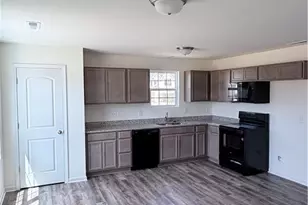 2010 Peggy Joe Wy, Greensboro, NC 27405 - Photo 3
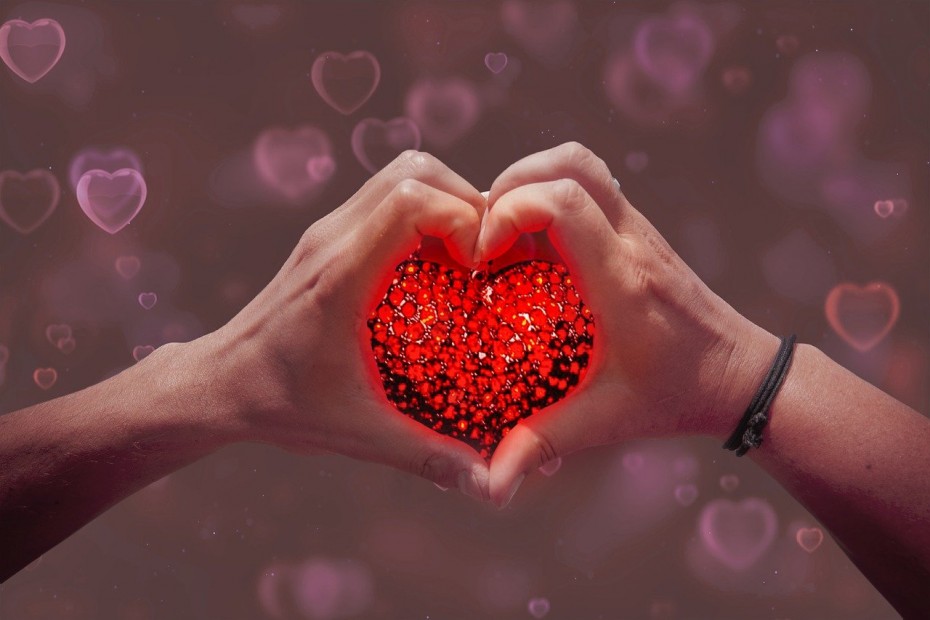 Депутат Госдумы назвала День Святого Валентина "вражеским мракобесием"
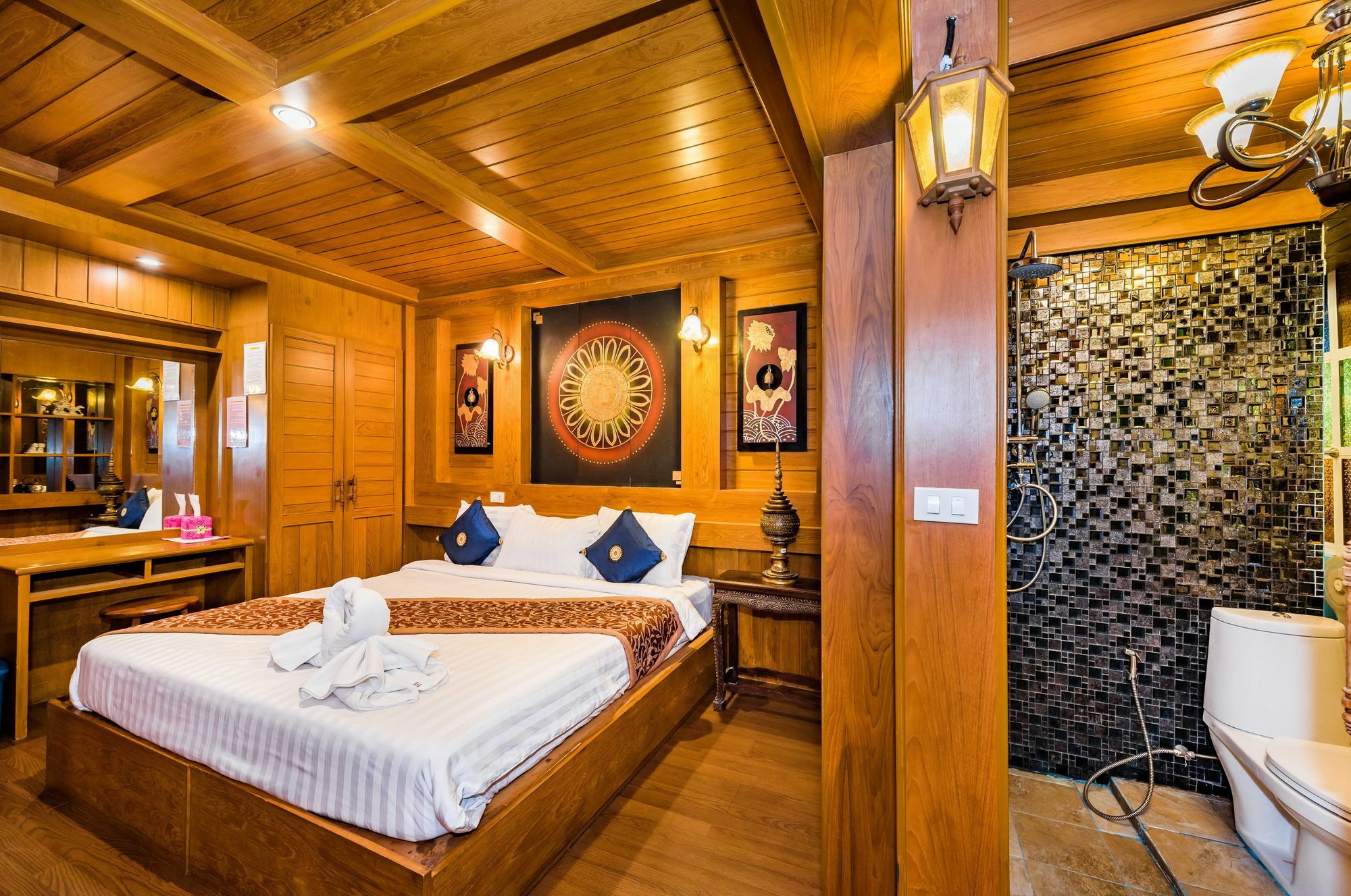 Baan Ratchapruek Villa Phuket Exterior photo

* * *

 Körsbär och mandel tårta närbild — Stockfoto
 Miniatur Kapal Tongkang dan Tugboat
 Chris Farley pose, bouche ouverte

*Work to be completed*:
What is needed is an exact copy of the lines above from the one with "Депутат Госдумы назвала" to the one with "Baan Ratchapruek Villa Phuket Exterior photo", both ends kept, and nothing more; please leave the pictures out.

*Exercise answer*:
 Депутат Госдумы назвала День Святого Валентина "вражеским мракобесием"
 Baan Ratchapruek Villa Phuket Exterior photo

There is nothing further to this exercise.